I thought before I got any deeper into the background loading code, I thought I’d do a bit more digging on the performance of the approach I was planning to use to make sure I wasn’t barking up the wrong tree. I was particularly concerned that the major synchronisation primitive in Boost.Thread uses is called a mutex, and many of you will know that mutexes are expensive (in Windows anyway) since they involve a transition from user to kernel mode in all cases. However, this is Boost we’re talking about, and I couldn’t believe they would opt for a low performing option without some way to control it.

A bit of perusing later and I confirmed that Boost.Thread is indeed smarter than that. It actually implements the ‘mutex’ and ‘recursive_mutex’ classes using critical sections in Windows rather than true mutexes.

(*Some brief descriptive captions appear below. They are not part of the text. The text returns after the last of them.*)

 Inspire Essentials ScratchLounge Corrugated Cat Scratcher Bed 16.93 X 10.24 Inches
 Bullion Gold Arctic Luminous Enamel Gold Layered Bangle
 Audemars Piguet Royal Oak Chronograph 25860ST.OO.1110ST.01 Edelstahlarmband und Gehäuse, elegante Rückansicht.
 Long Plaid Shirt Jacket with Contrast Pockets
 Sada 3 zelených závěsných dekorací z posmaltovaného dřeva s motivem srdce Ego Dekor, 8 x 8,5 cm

Internally there is an option to use full mutexes but this would never be used without editing a couple of lines of code and rebuilding. Using critical sections has the advantage of being rather fast, since if a critical section is not already locked, no user/kernel mode transition is made. In the case where the critical section is already locked, then a kernel mode call is made to make the thread wait - but this is to be expected since you want to give up the CPU time and get a single notification when the resource is freed.

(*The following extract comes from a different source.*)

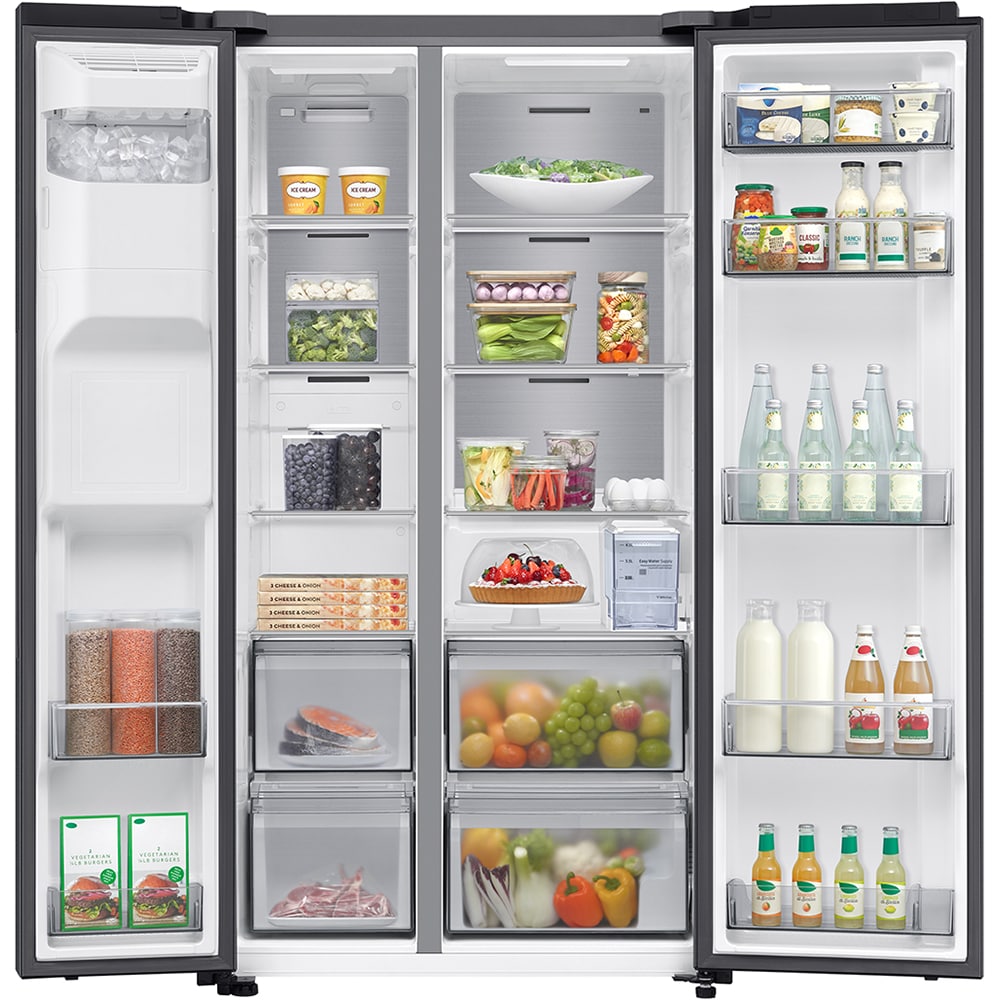 Side by Side SAMSUNG RS70F65KEFEO, No Frost, AI Energy, 640 l, H 178.4 cm, Clasa E, Dozator apa, dark inox
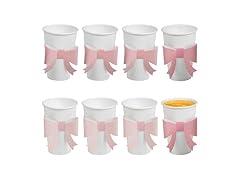 Fun Express White Disposable Paper Cups with Pink Bow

There are even faster alternatives to going through the OS critical section calls, that can be used especially if you don’t want to cause a kernel mode switch even whilst a resource is locked - the typical example is called a ‘Spin Lock’, because instead of using the OS to lock, you literally spin the CPU, polling a much simpler atomic state flag like a test-and-set implemented in assembly (e.g. ‘lock xchg’ on Intel), which typically takes only a handful of cycles instead of the dozens required for an OS call. Trouble is this requires per-platform assembler (even within the Intel platform), and is only faster if the time spent spinning is less than the kernel mode switch would have taken during a lock situation. Spinning is also pretty inappropriate on machines where there are more threads than CPUs when relatively protracted lock contention happens, since it’s burning CPU time all the time, defeating the object of threading somewhat. Given that in our context we want to use threads (even on a single-CPU machine) to wait for file loading, which will certainly take longer than a kernel mode switch (I/O device waits are measured in millennia compared to even kernel waits), I’m thinking that manual spin locks aren’t worth the hassle. Even though they’re the fastest for very, very fine granularity locking they’re not the most appropriate here I don’t think.

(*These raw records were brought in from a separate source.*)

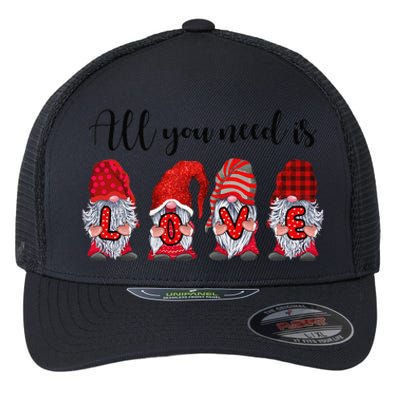 All You Is Love Gnomes Valentine's Day Gifts Flexfit Unipanel Trucker Cap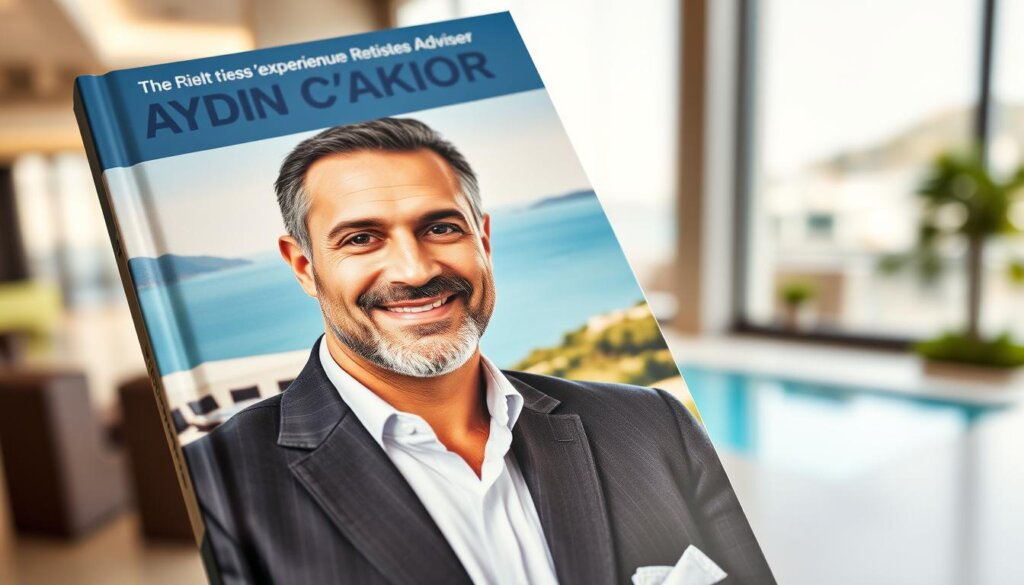 A high-quality, well-lit real estate guidebook with a professional, authoritative atmosphere. On the cover, a close-up portrait of an experienced real estate advisor, Aydın Çakır, rendered in a realistic, detailed style. Behind him, a blurred background depicting a picturesque seaside villa, hinting at the subject matter. The lighting is warm and inviting, highlighting Aydın's friendly yet knowledgeable expression. The composition and depth of field draw the viewer's attention to the central figure, establishing him as the expert guide. The overall aesthetic is polished and sophisticated, reflecting the premium rental services discussed within.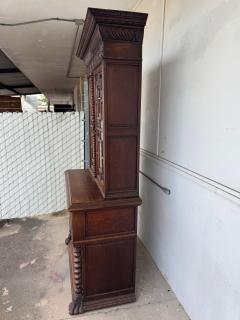 Antique Barley Twist English Oak Secretary with Display Cabinet - 4360104
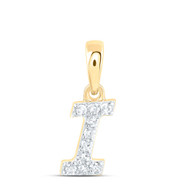 10K Yellow Gold Real Diamond Women's Block Font Initial I Mini Pendant 1/12 CT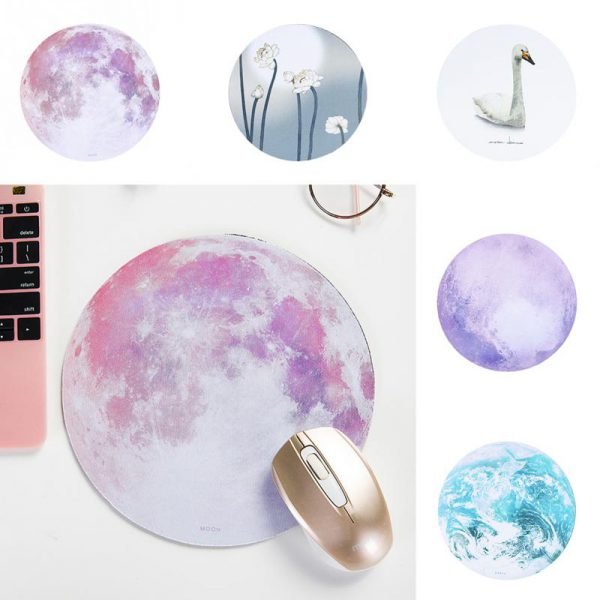 Beautiful Computer Mouse Padding Mat Ultra Soft Natural Rubber Planet Series Mice Pad Round Gaming Romantic Mouse Pads - Image 3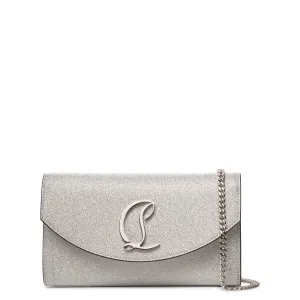 Loubi54 silver glitter wallet on chain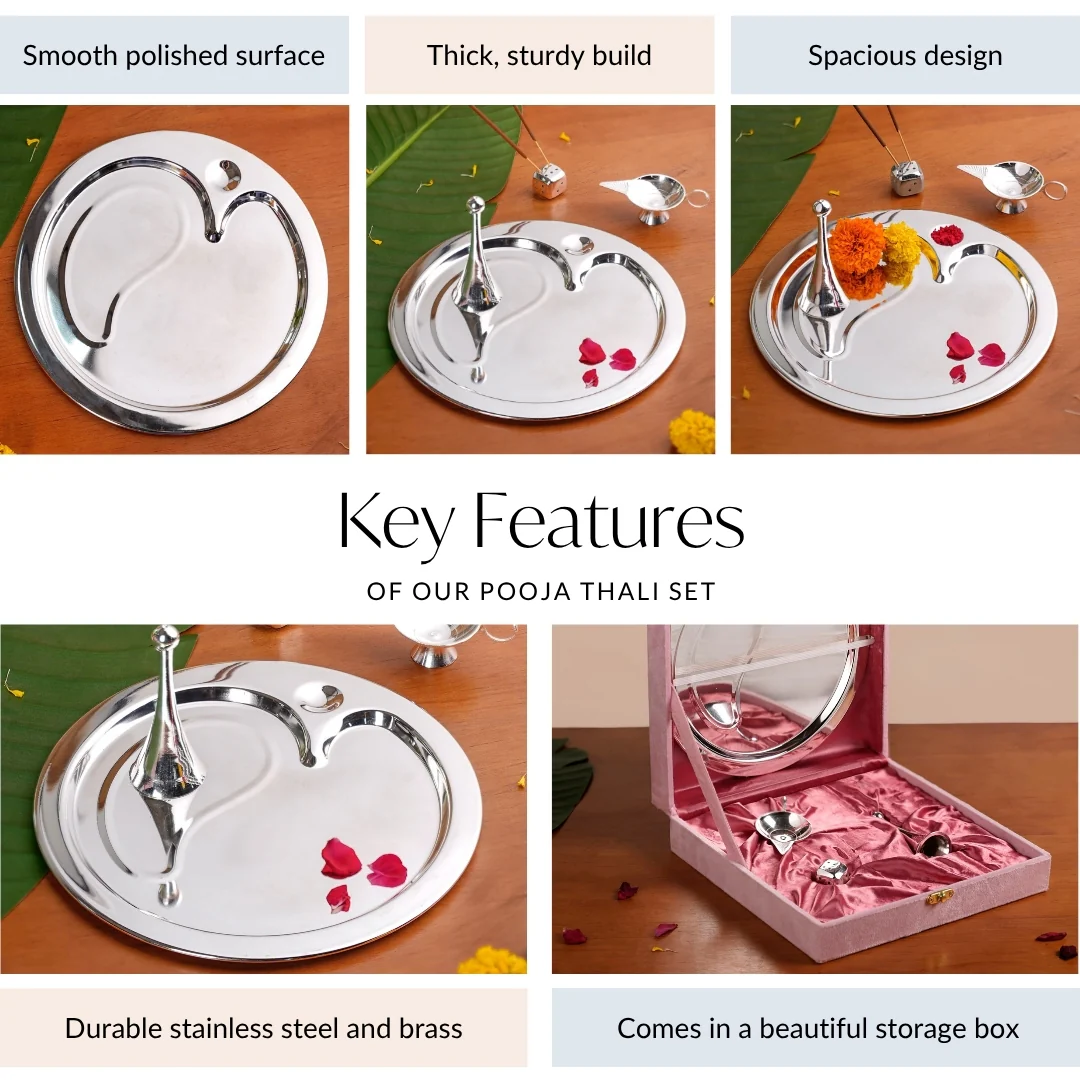 Contemporary Ganesha Pooja Thali Set Of 4 - Image 5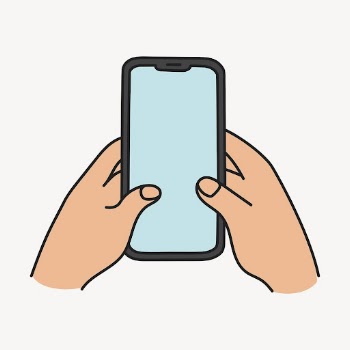 Hands texting on phone sticker, | Free PSD Illustration - rawpixel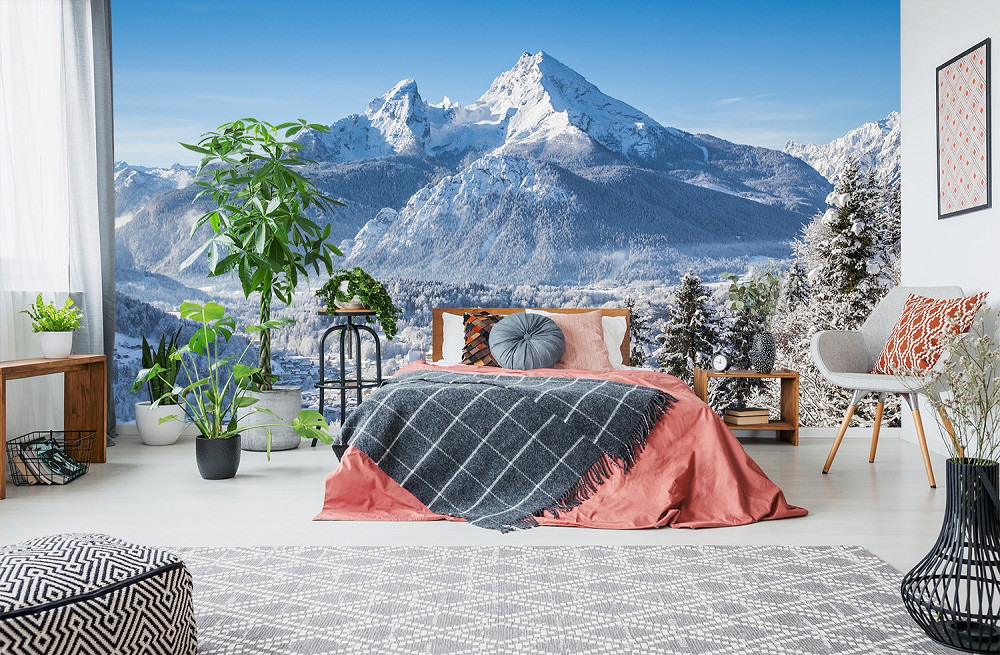 Wall mural - Bedroom with cosy bed and great mountain view in the background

The other disadvantage to using critical sections is that they can only be used to synchronise threads within a single process. If you want to synchronise across processes then you’d have to use a full mutex or semaphore - but I have no need of that, so this is fine.

Later in the week I’ll get back to the implementation. It’s a social night tonight and tomorrow I really have to find time to look at an FBO readback issue someone’s been waiting in the forum for an answer on. Sigh.